I have some smart script, that check name of server and get domain name.
For example, i have name of server: example.ru01. I need to get: example.ru
My scipt:

#!/bin/bash

hostname=example.com01
echo $hostname
reg0="\(\(\w*\.[a-z]*\)\|\(\w*\.[a-z]*\.[a-z]*\)\)"
domain=`expr match $hostname $reg0`
echo $domain

It is ok. in output i have:

example.com01
example.com

But, in my infrastructure, i have some domains with hyphens. For example: test-test.com01. But it doesn't working in my script. How to resolve this problem ? Please help. I made some changes in my regular expression, like this:

\(\(\w*\.[a-z_-]*\)\|\(\w*\.[a-z_-]*\.[a-z_-]*\)\)

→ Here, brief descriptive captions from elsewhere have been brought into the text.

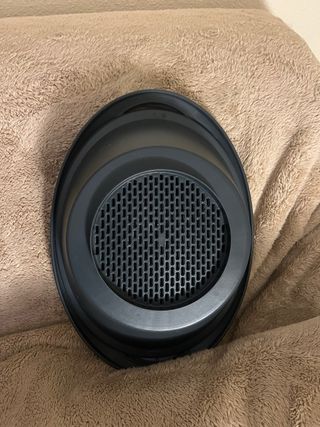 Varoma Thermomix TM5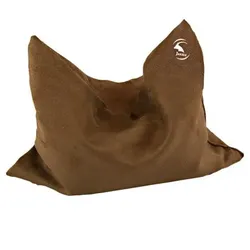 Jakele Gewehrauflage Ultralight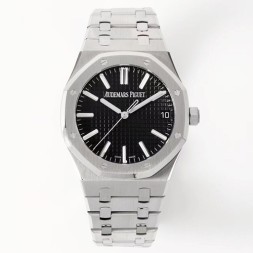 오데마피게 남성용 로얄오크 50주년 AP004-5 41MM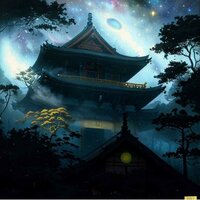 Soul Path - KarmawiN
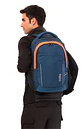 Morral Porta Pc Titany - Miniatura 7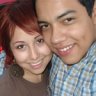Serch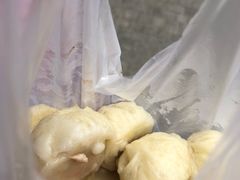 -吃不亏特色包子(三峡广场店)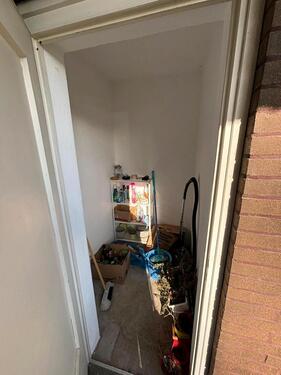 Foto - Etagenwohnung in Burgdorf zur Miete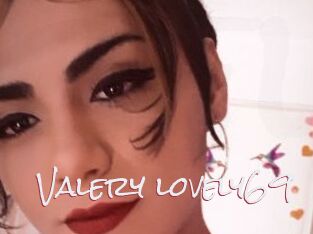 Valery_lovely69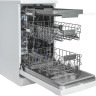 Посудомоечная машина Pioneer DWF-40108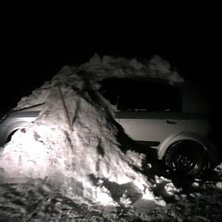 &ouml;verfl&ouml;dig!. Foto: mee. &Aring;kare: the dansk.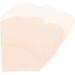 16 Pairs High Heel Forefoot Pads - Anti-Slip Soft Cushions & Insoles for Ultimate Comfort | International Shipping Available - Buy Online on GoSupps.com
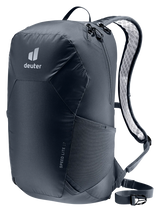 Speed Lite 17 Backpack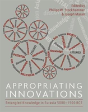 Appropriating Innovations - Preview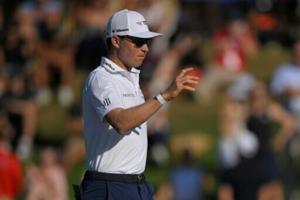 69112eeb556d3imagejpg | FOX 28 Spokane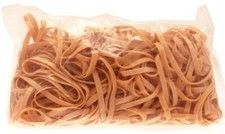 Strong quality elastic for sale  LONDON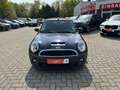 MINI Cooper SD Cabrio Cooper SD 2.HD Bi-Xenon NAV Bluetooth SHZ Blau - thumbnail 27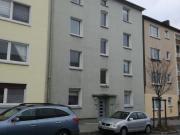 2 ZI WOHNUNG E WESTVIERTEL NÄHE UNI+HAUPTVERWALTUNG...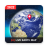icon Earth Map Satellite 1.9.8
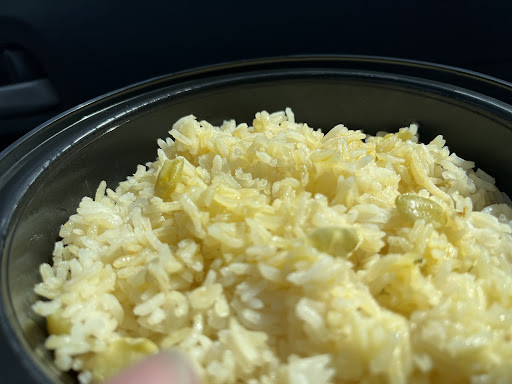 Photo of Sanixas Cuisine - 847 Pleasant St, Fall River, MA 02723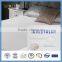 Anti Dust Mite waterproof Mattress Protector full size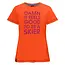 Women's Riders Tee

But it doesn't work. Where i have error ? Please help. Thanks for your attention.

Best Answer

The problem with your regular expression is that you tell it that it must first match your string with zero to infinity amounts of \w which "Matches any word character including underscore", followed by a literal dot .. (\w*\.)

in the case of test-test.com01 it does not match because of the hyphen, so if you change it to match also - then it will work the way you want it to:

\(\([a-z_-]*\.[a-z_-]*\)\|\([a-z_]*\.[a-z_-]*\.[a-z_-]*\)\)
      ^ replace \w            ^ replace \w

There are several ways to improve this regular expression but IMO the amount of time you should put into making a good one is proportional to the complexity of the text you parse.